# Engine displays



## Tin Falcon (Dec 21, 2007)

As a new year and for some of us a new ME show season starts I thought I would post a thread on displaying engines. Personally I think exhibiting at the shows and talking to folks about the little engines is a blast. Many people just put there engines on the plastic table cloth or bare table hook up the air and that is it. In building see through engines I learned the need to raise my display so all but the little tikes do no have to stand on their heads to see how they work. My wife and I came up with the Idea of a stair step display box that also doubles as a transport case for the engines. We now have two that have evolved as we have done shows. These boxes also house the regulators and manifolds(metal aquarium valve manifolds) that feed the engines the boxes also help hold the name tags for the engines. 
So here is one of the boxes at a show.






And the back side with doors closed in transport mode. 




and here is a shot of the regulators




the second box has a shelf inside and the front shelf lifts up for storage and easy access. We also put a bright colored table cloth on the table to mark out our area and add visual interest to the display.The cost of these was minimal the main boxes were a couple bucks from a going out of business sale at a local craft store the rest of the wood was mostly salvaged packing crates the finishing material was left over from refinishing a floor and the only stuff purchased was the aquarium valves and the hardware. I already had the regulators from doing shows. 
Tin


----------



## Brass_Machine (Dec 21, 2007)

Very cool. My work is not yet ready for any shows... maybe 2009.
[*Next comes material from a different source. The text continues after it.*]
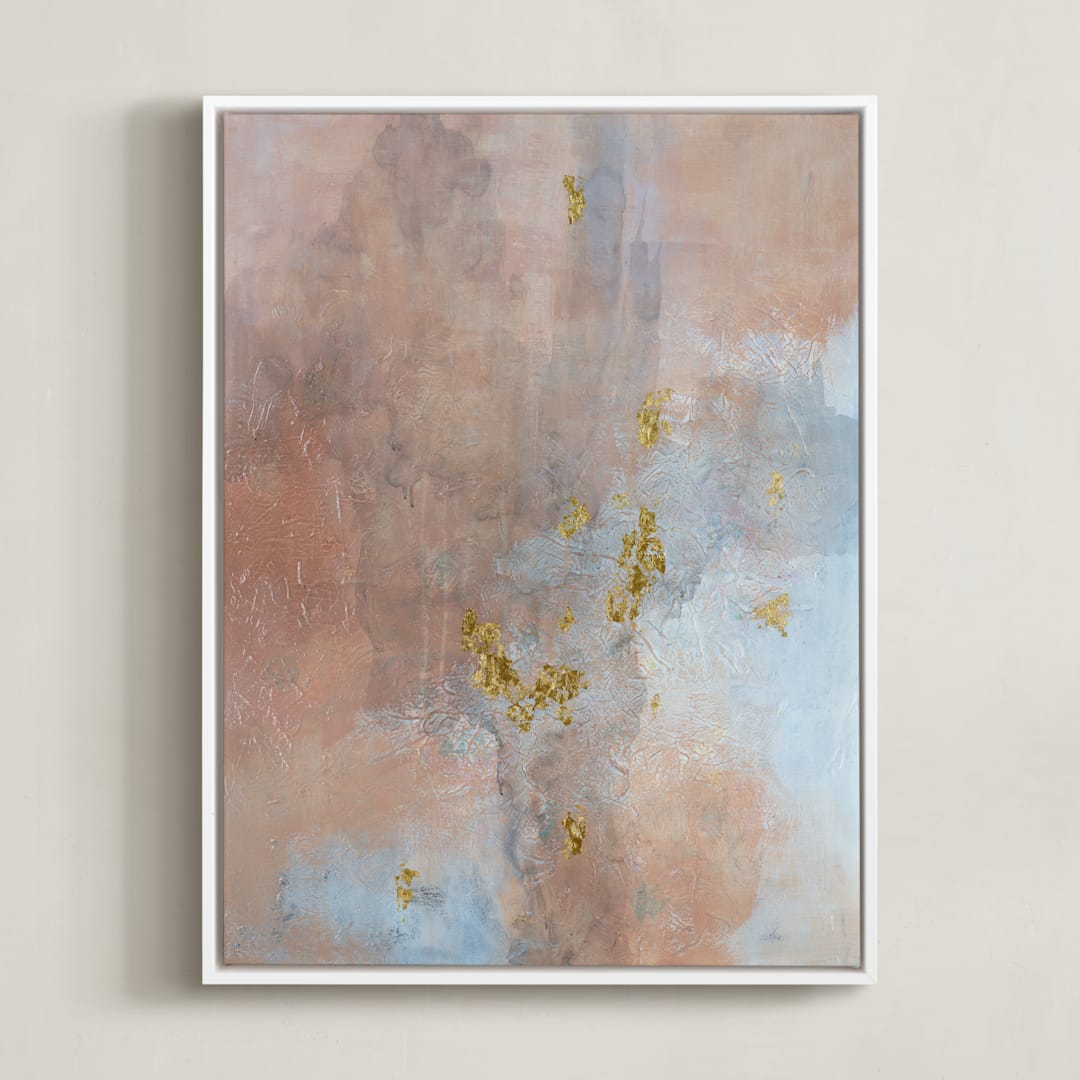 "Burning Me Up" - Art Print in Terracotta Pink by Christine Olmstead - Framed Canvas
Are you going to be at the Cabin Fever expo this January?

Eric


----------



## Tin Falcon (Dec 21, 2007)

yes plan on being there,
Tin


----------



## PolskiFran (Dec 21, 2007)

Tin, Nice work as always. What did you use for an expansion tank in your cabinet? 

Frank


----------



## Tin Falcon (Dec 22, 2007)

Frank :
it was a find at the flea market. Only the one regulator has it the other 3 have oil separators/filters I picked up at the shows from the guy who sell surplus pneumatic stuff. These are the same boxes you have seen at the shows but wanted to post them here for others to see. The lasted mod you haven't seen is the one display shelf that was screwed on for storage access is now hinged with magnetic catches. It became a pain to have to pull out a screwdriver each time I needed to open or close the storage compartments . Also the hinge pins are removable should I want or need to remove them at the shows for easier access or should I find them to be in the way at shows.
Hmm frank you just sparked an interesting thought. I think I have an unused fire extinguisher tank that would fit in the front compartment that could smooth things out quite a bit as it seems like pressures vary at the shows as folks start and stop engines. Another mod and more plumbing thanks to you LOL!!
Tin


----------



## PolskiFran (Dec 22, 2007)

I am going to make another compressor rig to take to the shows. I need something a little more compact than the Briggs driven Binks spray unit I'm currently using. I am keeping a lookout for a small tank to use on the project.

Frank


----------



## Tin Falcon (Dec 23, 2007)

frank :
 Fire extinguishers have a shelf life IIRC 10 - 12 years. If you have one much older than that the right size replace it with a new one and use the tank for you project just a thought. dry chems are charged to 195 psi so using one that is still in good shape via visual inspection ie good original paint and little to no corrosion you should be fine. The powder is a bit corrosive so needs to be cleaned out well. Did you see Firebird's compressor? I am working on a similar one.
Tin


----------